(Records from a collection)

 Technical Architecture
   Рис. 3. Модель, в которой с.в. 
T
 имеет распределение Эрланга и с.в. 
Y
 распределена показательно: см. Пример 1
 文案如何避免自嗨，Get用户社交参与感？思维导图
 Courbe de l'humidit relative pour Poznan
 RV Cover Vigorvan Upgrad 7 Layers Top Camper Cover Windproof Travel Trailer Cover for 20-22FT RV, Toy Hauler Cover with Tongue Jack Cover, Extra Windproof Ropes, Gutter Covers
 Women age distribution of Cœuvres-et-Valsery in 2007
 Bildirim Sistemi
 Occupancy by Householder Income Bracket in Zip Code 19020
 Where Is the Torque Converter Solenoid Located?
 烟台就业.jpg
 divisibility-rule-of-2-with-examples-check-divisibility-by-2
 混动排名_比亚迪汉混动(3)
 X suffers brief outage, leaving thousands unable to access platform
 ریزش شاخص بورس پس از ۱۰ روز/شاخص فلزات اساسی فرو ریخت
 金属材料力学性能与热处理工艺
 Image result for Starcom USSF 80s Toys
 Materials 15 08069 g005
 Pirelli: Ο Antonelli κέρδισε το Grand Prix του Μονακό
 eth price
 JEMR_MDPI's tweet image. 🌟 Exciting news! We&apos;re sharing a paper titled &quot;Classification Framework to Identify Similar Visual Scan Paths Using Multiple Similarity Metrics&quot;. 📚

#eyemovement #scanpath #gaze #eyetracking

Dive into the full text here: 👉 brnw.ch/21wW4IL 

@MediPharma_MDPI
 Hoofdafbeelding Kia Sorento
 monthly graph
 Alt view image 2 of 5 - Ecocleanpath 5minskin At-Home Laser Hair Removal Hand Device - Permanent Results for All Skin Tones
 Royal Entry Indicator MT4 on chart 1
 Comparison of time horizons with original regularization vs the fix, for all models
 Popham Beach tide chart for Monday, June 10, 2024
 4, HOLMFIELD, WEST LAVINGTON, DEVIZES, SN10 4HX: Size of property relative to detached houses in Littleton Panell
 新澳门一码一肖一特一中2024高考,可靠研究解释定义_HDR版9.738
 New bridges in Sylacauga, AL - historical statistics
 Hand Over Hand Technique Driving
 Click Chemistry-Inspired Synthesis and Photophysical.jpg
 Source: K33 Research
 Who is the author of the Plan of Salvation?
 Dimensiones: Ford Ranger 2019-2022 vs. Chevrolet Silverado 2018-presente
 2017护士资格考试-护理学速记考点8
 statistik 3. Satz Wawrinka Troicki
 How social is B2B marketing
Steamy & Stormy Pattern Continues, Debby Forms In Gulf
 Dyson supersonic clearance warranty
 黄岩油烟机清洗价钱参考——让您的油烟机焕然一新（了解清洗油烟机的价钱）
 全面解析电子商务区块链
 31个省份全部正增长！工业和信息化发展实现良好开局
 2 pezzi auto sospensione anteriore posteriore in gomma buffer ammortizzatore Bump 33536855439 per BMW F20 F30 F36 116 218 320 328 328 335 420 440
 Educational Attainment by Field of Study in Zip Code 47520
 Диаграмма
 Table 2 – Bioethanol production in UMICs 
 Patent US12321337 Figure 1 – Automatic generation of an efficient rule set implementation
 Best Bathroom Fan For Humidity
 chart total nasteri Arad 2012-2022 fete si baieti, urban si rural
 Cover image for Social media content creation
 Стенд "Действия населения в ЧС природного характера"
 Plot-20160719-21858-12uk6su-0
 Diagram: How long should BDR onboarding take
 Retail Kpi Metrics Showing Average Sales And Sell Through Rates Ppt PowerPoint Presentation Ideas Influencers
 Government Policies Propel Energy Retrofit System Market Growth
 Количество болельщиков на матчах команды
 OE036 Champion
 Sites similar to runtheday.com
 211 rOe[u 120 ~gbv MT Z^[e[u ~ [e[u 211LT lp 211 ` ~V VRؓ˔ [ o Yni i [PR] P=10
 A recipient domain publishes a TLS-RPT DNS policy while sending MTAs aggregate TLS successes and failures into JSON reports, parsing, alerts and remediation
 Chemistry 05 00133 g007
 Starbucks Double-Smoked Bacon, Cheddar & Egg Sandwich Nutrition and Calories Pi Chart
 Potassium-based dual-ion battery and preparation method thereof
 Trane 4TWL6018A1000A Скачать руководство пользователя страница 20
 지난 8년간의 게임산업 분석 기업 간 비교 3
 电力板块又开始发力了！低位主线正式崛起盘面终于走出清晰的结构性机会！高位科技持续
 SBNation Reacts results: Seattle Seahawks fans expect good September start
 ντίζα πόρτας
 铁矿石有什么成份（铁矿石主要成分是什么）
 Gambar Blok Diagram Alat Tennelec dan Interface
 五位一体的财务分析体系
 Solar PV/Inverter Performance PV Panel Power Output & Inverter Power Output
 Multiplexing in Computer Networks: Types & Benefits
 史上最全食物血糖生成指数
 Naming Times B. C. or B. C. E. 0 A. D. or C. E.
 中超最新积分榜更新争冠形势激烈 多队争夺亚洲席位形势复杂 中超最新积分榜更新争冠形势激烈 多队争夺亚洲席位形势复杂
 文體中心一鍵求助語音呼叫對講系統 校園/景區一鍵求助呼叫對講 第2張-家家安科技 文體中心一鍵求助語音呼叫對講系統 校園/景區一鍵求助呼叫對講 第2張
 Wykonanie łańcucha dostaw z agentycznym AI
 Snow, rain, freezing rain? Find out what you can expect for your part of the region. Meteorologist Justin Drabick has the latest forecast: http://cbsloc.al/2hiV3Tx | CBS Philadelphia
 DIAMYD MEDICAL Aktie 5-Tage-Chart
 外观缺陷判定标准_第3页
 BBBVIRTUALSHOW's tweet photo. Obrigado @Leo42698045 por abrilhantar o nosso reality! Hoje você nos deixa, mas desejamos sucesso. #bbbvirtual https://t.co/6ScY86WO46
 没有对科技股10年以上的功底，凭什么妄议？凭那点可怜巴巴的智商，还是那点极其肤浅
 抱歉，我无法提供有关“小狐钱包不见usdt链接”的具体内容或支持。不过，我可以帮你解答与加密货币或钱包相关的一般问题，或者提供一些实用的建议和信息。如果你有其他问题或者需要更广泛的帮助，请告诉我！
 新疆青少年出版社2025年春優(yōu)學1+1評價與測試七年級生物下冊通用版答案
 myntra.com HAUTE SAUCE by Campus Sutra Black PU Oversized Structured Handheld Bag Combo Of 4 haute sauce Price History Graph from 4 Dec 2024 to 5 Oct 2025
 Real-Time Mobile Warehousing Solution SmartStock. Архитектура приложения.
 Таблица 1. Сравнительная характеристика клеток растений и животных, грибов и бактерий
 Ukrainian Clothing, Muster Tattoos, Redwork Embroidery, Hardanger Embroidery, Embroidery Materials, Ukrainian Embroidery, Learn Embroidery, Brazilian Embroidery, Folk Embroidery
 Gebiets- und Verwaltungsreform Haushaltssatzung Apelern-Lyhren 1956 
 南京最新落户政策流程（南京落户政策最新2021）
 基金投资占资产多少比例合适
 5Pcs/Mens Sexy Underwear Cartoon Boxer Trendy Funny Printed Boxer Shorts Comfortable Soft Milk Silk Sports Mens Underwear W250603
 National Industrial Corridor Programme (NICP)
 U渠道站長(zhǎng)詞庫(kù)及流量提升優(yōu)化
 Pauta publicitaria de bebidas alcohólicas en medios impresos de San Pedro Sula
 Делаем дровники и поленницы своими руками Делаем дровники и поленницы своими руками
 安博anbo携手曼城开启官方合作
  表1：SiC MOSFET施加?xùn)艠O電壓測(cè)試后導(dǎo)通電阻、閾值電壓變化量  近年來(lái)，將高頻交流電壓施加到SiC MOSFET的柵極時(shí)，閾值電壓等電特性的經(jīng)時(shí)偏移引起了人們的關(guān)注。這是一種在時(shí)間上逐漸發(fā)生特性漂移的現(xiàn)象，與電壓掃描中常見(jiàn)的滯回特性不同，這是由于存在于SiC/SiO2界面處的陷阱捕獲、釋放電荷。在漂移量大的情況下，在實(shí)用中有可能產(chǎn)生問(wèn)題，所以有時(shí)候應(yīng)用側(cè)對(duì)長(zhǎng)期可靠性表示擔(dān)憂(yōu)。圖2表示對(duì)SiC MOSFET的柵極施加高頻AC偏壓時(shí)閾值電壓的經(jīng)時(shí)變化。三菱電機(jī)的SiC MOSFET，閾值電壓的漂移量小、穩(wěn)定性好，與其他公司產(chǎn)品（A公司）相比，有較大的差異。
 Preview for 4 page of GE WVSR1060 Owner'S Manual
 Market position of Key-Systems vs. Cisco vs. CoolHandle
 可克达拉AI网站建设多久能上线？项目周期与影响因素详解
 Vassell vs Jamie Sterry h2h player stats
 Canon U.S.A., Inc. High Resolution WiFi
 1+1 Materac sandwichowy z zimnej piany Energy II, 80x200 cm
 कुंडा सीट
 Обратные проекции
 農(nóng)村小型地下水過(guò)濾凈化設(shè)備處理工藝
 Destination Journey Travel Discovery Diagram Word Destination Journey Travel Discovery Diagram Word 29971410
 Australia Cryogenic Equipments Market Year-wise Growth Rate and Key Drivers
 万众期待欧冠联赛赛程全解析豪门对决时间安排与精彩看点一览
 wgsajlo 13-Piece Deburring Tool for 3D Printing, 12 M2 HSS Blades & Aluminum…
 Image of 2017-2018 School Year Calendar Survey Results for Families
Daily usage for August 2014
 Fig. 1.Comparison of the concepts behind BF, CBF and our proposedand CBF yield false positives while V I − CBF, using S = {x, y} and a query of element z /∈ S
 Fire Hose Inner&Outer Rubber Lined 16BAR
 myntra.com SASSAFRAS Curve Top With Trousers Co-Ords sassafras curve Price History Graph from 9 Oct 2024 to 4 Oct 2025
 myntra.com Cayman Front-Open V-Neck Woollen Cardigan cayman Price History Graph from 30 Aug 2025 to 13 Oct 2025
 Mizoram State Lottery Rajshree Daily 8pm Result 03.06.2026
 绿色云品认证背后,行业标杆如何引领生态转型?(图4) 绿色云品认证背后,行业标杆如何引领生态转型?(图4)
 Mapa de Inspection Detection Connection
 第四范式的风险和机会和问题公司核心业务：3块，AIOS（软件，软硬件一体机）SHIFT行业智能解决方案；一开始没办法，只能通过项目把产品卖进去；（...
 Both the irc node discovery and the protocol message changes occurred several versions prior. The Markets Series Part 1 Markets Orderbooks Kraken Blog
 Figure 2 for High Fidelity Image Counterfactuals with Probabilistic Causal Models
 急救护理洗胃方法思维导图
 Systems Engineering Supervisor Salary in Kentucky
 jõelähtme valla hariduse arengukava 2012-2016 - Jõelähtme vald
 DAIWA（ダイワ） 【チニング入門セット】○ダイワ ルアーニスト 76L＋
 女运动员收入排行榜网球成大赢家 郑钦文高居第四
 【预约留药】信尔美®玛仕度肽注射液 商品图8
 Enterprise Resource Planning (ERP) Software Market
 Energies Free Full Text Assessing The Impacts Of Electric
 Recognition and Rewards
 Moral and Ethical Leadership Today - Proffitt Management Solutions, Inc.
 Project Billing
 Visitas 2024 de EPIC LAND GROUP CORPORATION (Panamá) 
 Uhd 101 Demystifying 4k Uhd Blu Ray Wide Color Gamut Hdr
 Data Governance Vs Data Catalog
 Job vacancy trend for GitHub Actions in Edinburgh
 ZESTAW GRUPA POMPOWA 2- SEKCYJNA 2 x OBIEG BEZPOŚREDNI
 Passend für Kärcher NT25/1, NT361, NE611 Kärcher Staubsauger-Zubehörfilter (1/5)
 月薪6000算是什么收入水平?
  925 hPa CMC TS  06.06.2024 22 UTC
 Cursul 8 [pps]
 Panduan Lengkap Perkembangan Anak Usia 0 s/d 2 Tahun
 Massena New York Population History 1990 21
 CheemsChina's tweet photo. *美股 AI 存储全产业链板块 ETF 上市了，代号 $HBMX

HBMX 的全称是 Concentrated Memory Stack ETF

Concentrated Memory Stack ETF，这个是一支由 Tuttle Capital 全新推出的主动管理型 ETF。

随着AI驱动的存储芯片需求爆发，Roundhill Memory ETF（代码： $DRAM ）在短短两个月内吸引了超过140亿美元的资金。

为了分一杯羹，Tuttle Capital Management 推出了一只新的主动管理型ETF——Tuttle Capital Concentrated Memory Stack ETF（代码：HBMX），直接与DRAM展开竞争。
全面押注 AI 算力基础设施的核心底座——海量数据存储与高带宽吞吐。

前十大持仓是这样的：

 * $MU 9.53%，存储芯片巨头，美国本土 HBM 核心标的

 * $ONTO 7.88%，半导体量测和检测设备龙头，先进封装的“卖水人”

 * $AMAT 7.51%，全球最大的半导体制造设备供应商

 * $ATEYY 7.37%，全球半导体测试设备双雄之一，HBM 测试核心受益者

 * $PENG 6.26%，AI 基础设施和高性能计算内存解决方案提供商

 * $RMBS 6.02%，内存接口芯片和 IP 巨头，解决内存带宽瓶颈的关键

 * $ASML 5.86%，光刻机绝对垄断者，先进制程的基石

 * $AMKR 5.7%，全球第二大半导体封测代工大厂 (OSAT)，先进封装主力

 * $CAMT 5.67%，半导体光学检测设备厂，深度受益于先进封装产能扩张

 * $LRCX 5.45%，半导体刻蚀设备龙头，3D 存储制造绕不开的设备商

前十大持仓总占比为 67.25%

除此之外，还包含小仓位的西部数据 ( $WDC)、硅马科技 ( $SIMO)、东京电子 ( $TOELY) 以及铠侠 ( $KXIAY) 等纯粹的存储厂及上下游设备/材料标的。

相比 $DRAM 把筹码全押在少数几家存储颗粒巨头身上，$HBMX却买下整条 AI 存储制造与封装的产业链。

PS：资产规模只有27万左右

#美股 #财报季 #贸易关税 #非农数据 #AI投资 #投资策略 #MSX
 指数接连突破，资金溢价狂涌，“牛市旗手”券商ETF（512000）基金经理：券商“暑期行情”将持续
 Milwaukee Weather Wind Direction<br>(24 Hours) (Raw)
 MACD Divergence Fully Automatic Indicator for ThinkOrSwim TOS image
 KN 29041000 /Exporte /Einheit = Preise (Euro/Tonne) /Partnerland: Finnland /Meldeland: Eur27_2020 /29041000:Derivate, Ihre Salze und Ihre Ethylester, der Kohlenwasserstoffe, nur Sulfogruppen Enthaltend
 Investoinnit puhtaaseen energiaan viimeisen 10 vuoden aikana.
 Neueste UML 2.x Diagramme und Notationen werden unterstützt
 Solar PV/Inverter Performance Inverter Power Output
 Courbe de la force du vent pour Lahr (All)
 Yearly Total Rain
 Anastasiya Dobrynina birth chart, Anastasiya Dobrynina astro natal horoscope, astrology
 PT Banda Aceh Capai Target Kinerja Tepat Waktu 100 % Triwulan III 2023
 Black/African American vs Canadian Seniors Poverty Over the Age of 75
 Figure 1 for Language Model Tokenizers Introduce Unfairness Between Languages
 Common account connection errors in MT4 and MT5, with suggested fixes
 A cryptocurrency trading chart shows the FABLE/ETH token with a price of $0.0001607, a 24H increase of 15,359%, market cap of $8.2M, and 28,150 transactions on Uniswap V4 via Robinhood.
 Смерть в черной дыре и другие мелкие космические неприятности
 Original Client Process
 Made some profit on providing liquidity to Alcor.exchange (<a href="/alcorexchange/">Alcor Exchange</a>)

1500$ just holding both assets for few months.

▶ **PROBLEM DETAILS**:
Only the lines above from the one with "How social is B2B marketing" through the one with "Retail Kpi Metrics" should be duplicated, character for character.

▶ **OUTPUT FOR THIS TASK**:
 How social is B2B marketing
Steamy & Stormy Pattern Continues, Debby Forms In Gulf
 Dyson supersonic clearance warranty
 黄岩油烟机清洗价钱参考——让您的油烟机焕然一新（了解清洗油烟机的价钱）
 全面解析电子商务区块链
 31个省份全部正增长！工业和信息化发展实现良好开局
 2 pezzi auto sospensione anteriore posteriore in gomma buffer ammortizzatore Bump 33536855439 per BMW F20 F30 F36 116 218 320 328 328 335 420 440
 Educational Attainment by Field of Study in Zip Code 47520
 Диаграмма
 Table 2 – Bioethanol production in UMICs 
 Patent US12321337 Figure 1 – Automatic generation of an efficient rule set implementation
 Best Bathroom Fan For Humidity
 chart total nasteri Arad 2012-2022 fete si baieti, urban si rural
 Cover image for Social media content creation
 Стенд "Действия населения в ЧС природного характера"
 Plot-20160719-21858-12uk6su-0
 Diagram: How long should BDR onboarding take
 Retail Kpi Metrics Showing Average Sales And Sell Through Rates Ppt PowerPoint Presentation Ideas Influencers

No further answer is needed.